I'll only give this a brief glance now as I'm very tired, but I'll put my head on the block and say all white pieces fail to work (that's simple to work out), and if the black bishop works, that is one fine piece of pawn geometry you got there. I actually see no concrete reason it shouldn't be legal with bBh2, but it's all dependent on a piece of good timing that I can't judge without trying.
Is this position legal?

random thought, but replacing the Nh2 with the black dsb should make it legal, the capture colors should work out now. You put both bishops in the corner, push g2, send the king in, promote pawn (white knight in g2?)

#428, yes. black has a knight (or anything else really) hop around while the queens get set up, then the last move would be one of the queens taking the knight on the square.
In retrospect, having black's remaining piece be a rook and move from b8 to c8 looks a lot better.

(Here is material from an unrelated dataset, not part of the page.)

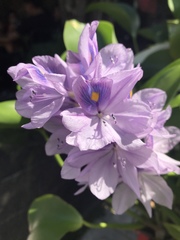 Pontederia crassipes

Ah, the classic colour of capture squares. I second mashanator's analysis (and unfortunately, sentiment. Retroanalysis does not appear to be in most chessplayers' repertoire of skills.)
@ghostqiuyu #420 trivially legal, after retracting, say, -1...Rh8xQh2 -2. Qb8xBh2 and both sides have as many moves as they need. Impossible-looking checks are not necessarily impossible, at least once you know the capturing and en passant tricks.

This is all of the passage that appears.